> [Directions for this task]: Your task is to return, word for word, only the lines from the line with "Hyundai Elantra 1.6 Comfort - 10" through the close of the data. Exclude all pictures.

[Opening Data for processing section]

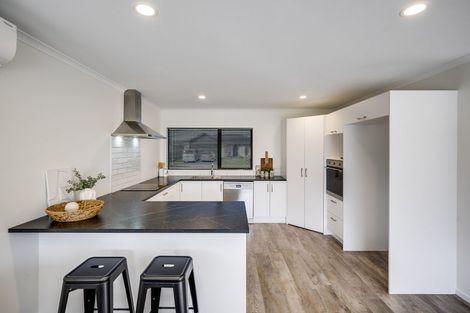 Photo of property in 16 Hikawera Drive, Frimley, Hastings, 4120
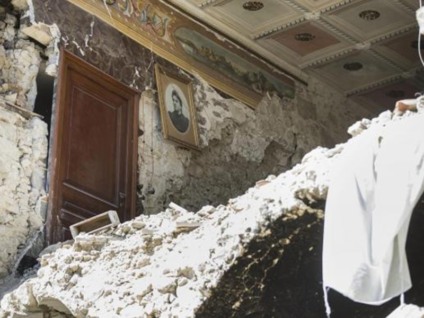 Em Amatrice, o presidente da Itália, Sérgio Mattarella visitou uma escola, fez um minuto de silêncio em frente à lápide que homenageia as vítimas do terremoto de 24 de agosto - Massimo Percossi/EPA/Agência Lusa Em Amatrice, o presidente da Itália, Sérgio Mattarella visitou uma escola, fez um minuto de silêncio em frente à lápide que homenageia as vítimas do terremoto de 24 de agosto - Massimo Percossi/EPA/Agência Lusa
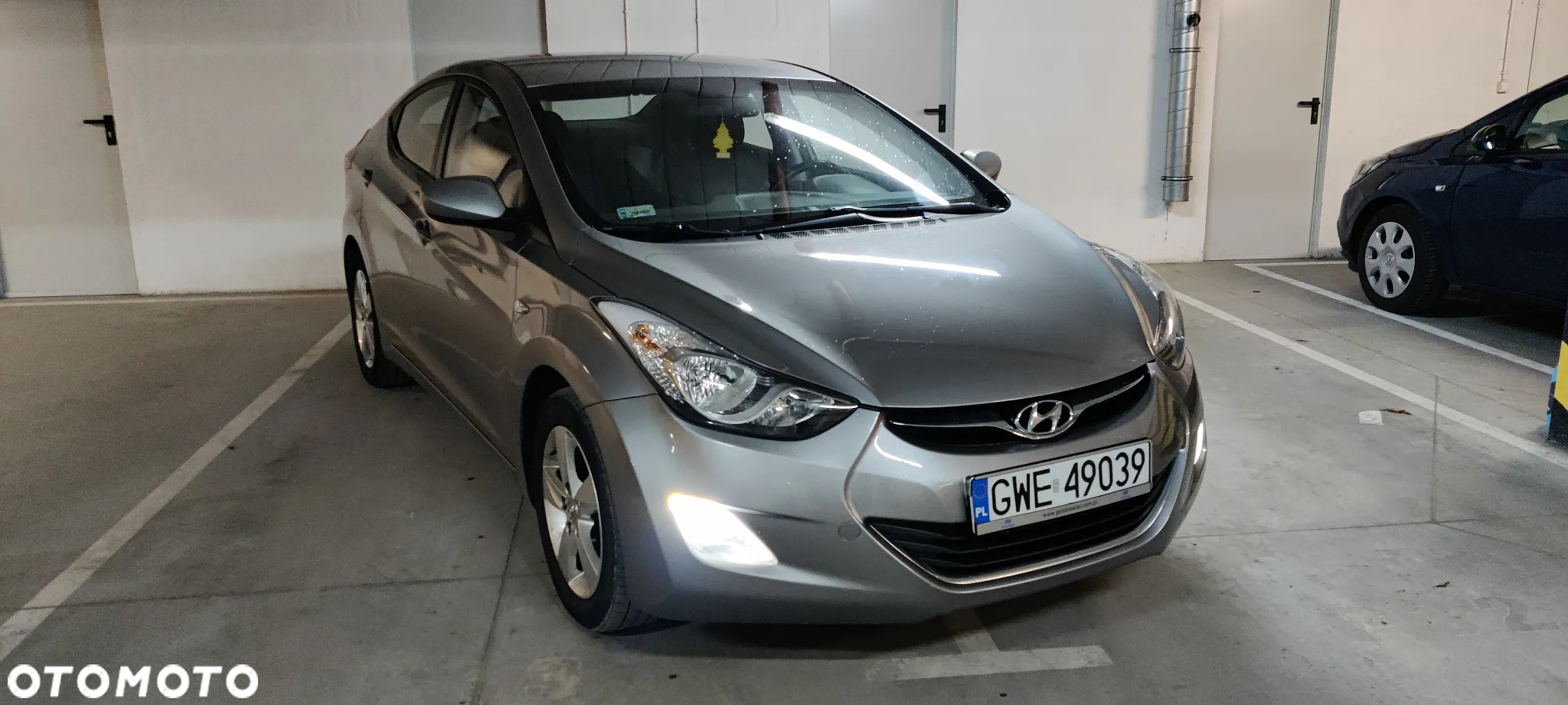 Hyundai Elantra 1.6 Comfort - 10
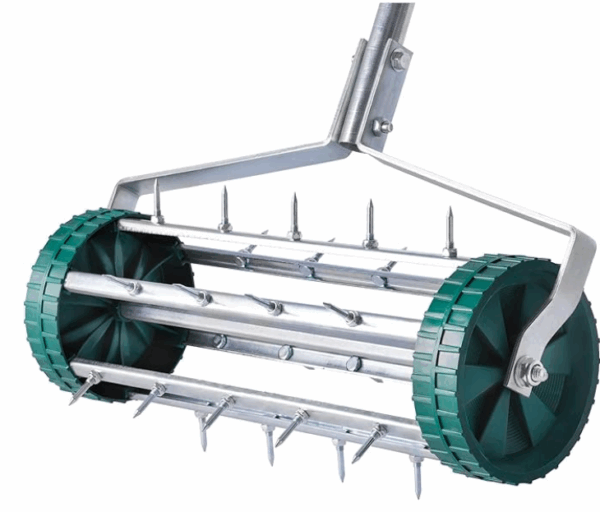 UPP rollender Rasenlüfter mit Stiel | Handvertikutierer mit 27 Nägeln (3,5cm) für die Rasenpflege | Manueller Aerifizierer Macht Rasenbelüften einfach | Robuste Stachelwalze ohne Strom & Benzin - Image 5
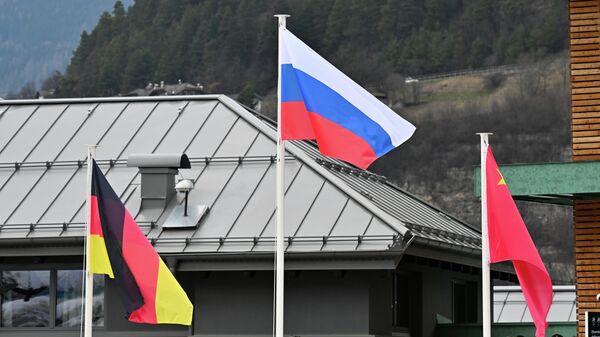 世界泳联允许代表俄罗斯参赛的成年运动员在比赛中使用国旗和国歌 - 俄罗斯卫星通讯社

[Closing Data for processing section]

> [Solution to this task]:
 Hyundai Elantra 1.6 Comfort - 10
 UPP rollender Rasenlüfter mit Stiel | Handvertikutierer mit 27 Nägeln (3,5cm) für die Rasenpflege | Manueller Aerifizierer Macht Rasenbelüften einfach | Robuste Stachelwalze ohne Strom & Benzin - Image 5
 世界泳联允许代表俄罗斯参赛的成年运动员在比赛中使用国旗和国歌 - 俄罗斯卫星通讯社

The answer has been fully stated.